Em estudo anterior, publicado em 2016, o grupo de pesquisadores já havia demonstrado que o edema no pulmão é resultado da ativação de um complexo proteico existente no interior das células de defesa – o inflamassoma que induz a produção de IL-1β. Mostraram ainda que esse processo é regulado por mediadores lipídicos, sendo ativado pela PGE2 e inibido pelo leucotrieno B4 (LTB4). No entanto, ainda não tinham demonstrado a interação neuroimune e o papel determinante da acetilcolina.

Bloqueio

Outro achado do estudo foi a demonstração da necessidade de inibir o processo neuroimune desencadeado pelos mediadores inflamatórios o quanto antes para que o paciente não atinja o que os cientistas estão chamando de “ponto de não retorno”, quando os efeitos dos mediadores já estão tão críticos que já não há mais como promover melhora.

“Demonstramos que a utilização do anti-inflamatório corticoide [dexametasona] até 30 minutos após o camundongo receber a peçonha ainda evita a morte do animal. O intuito foi bloquear o processo inflamatório antes que fosse impossível revertê-lo. É importante ressaltar que o estudo foi realizado em camundongos, portanto, não é possível extrapolar o tempo de não retorno para humanos”, diz Faccioli.

A pesquisadora informa que a administração quase imediata de corticoide não anula a necessidade do uso do soro (anticorpos que bloqueiam a atuação da peçonha). “A dexametasona vai bloquear o processo que gera o neurotransmissor acetilcolina e, com isso, inibir os danos pulmonar e cardíaco. Já o soro é importante para inibir outros possíveis efeitos das toxinas da peçonha que também podem gerar dano ao indivíduo, como o tecidual.
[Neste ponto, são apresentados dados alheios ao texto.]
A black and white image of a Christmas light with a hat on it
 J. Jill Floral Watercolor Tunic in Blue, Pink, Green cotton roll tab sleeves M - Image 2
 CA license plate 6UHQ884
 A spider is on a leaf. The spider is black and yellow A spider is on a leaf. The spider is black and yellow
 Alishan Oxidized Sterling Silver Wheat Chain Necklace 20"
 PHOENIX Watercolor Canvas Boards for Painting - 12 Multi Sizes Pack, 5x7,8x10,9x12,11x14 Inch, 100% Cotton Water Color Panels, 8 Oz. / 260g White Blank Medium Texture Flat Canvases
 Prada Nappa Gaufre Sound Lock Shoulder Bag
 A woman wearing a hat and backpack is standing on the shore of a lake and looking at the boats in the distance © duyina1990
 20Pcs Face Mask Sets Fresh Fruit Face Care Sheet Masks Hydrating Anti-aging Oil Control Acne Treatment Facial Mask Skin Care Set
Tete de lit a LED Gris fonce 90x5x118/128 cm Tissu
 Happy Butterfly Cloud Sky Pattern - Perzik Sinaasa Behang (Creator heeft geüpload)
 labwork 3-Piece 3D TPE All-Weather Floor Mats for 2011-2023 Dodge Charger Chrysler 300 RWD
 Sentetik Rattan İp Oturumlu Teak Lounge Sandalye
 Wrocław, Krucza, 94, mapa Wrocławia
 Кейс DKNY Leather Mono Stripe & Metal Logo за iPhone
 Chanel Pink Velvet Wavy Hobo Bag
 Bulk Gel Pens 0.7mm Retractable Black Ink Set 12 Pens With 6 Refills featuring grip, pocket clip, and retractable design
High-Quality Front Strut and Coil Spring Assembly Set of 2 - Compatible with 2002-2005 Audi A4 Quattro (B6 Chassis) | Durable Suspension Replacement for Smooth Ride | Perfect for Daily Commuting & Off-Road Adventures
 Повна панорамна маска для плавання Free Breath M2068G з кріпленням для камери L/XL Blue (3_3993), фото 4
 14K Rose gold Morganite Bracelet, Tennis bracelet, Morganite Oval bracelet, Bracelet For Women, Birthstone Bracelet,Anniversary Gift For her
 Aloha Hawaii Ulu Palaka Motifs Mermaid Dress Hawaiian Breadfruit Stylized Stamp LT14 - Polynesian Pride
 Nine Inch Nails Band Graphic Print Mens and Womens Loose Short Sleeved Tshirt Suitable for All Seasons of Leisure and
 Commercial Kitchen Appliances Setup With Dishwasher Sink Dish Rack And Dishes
“Em estudos anteriores mostramos que a indometacina e o celecoxibe podem evitar, ou pelo menos minimizar a reação inflamatória induzida pela peçonha e evitar a morte. No entanto, esses medicamentos podem não ser efetivos em 100% da população. A dexametasona, embora possa induzir efeitos colaterais em uma pequena parcela da população, é muito mais eficiente”, diz. O uso inadequado de corticoides pode trazer riscos relevantes para o organismo. É importante buscar orientação médica no que diz respeito à dose e à duração do tratamento.